Peter Bradshaw 

The Boss review – McCarthy is business as usual in ho-hum comedy

Melissa McCarthy’s moderately funny take on a down on her luck, obnoxious entrepreneur is eventually tamed by Hollywood’s love of a sentimental ending
  
  

De-fanged comedy … Melissa McCarthy, left, and Kristen Bell in The Boss.
De-fanged comedy … Melissa McCarthy, left, with Kristen Bell in The Boss. Photograph: Hopper Stone/AP

Melissa McCarthy is such a talented comic that she just can’t help getting laughs whatever the showcase. And so it proves in this moderate comedy, which she co-wrote and co-produced with her husband Ben Falcone, who also directs.

It sometimes looks as if she is improv-ing her way through it, achieving a hit rate of one line in four. She plays Michelle Darnell, a ferociously wealthy, obnoxious entrepreneur and inspirational business speaker who goes to prison for insider trading, loses all her money and on getting out of jail, winds up having to crash at the humble apartment of her former PA Claire (Kristen Bell), a single mom whom she abused mightily while in her pomp.
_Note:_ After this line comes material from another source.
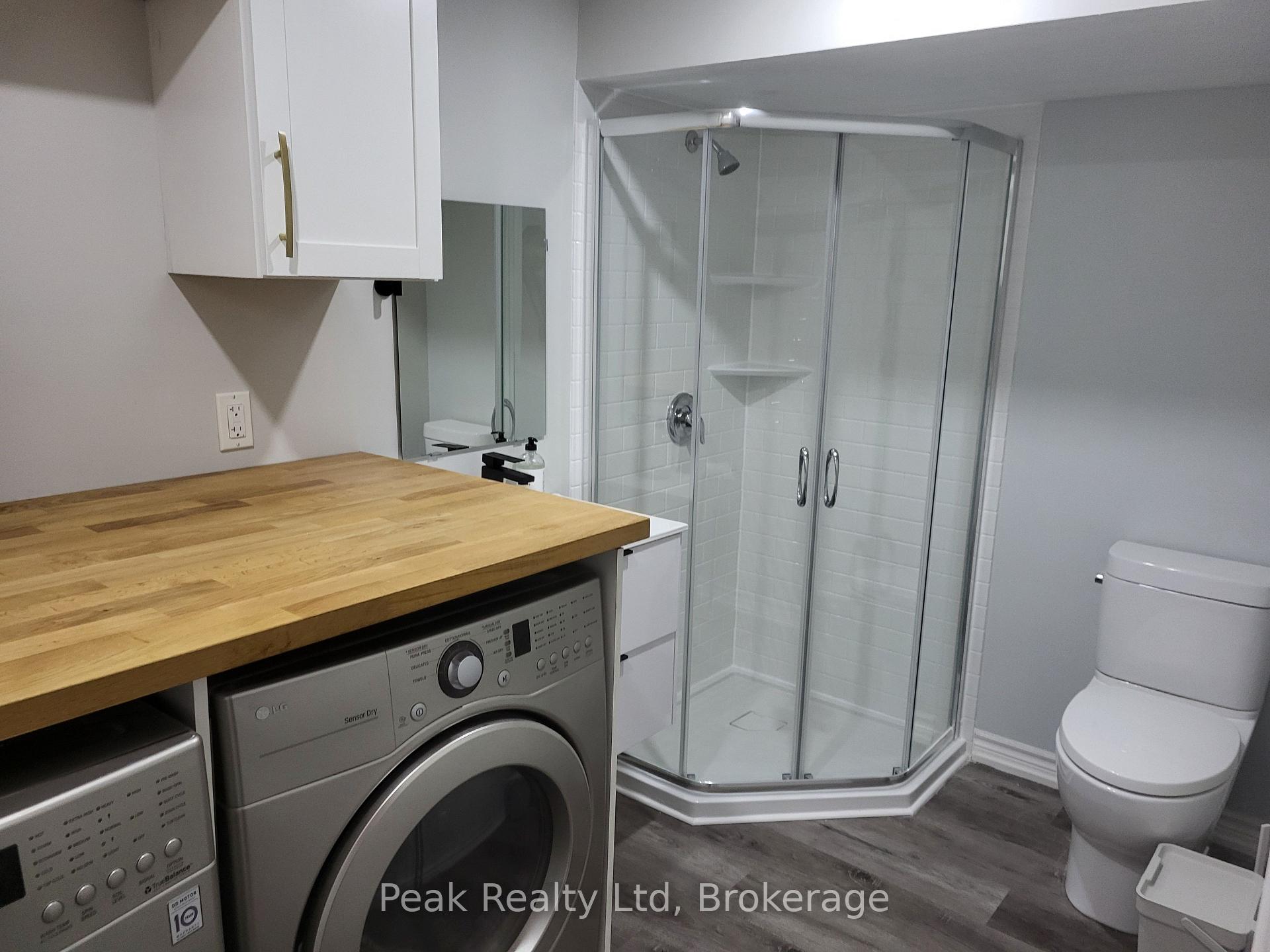 Photo 37 of 583 Windflower Crescent, Kitchener — HOMEH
Peter Dinklage plays her hated business rival and former lover, and there’s some fun in the flashbacks to their coke-fuelled affair in the 90s. It’s quite funny, though not exactly original, and as with Amy Schumer, you can see how McCarthy gets de-fanged by the imperatives of mainstream Hollywood comedy, with its need for sentimental resolutions.